Memorandum From Turner Shelton to the President’s Assistant for National Security Affairs (Kissinger)3

In response to your request, I am submitting a few thoughts and comments regarding certain personnel of the Department of State. These comments include both Departmental and Foreign Service personnel.

From my discussions with ranking officials of the Department of State, I gather the impression that the philosophical approach toward a change of personnel is to believe that Departmental and Foreign Service Officers can be “converted” to the Nixon philosophy of Foreign Affairs and that employees should, therefore, be “brought along,” hopefully to a new way of thinking rather than being removed or shifted.

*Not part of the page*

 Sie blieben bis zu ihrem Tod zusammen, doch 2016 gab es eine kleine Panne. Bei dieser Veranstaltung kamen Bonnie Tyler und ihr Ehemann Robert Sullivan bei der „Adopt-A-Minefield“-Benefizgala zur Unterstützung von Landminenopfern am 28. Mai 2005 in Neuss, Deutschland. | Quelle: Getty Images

While this may well be true in the case of those who have no particular emotional or political loyalty to former administrations, I seriously doubt that it is a valid concept in connection with a considerable number of employees who have strong emotional ties to former Presidents and former Administrations. There is evidence of disloyalty to President Nixon by some who resent both his policies as a President and as an individual. I do not believe that these particular people can be either “converted” or “brought along.”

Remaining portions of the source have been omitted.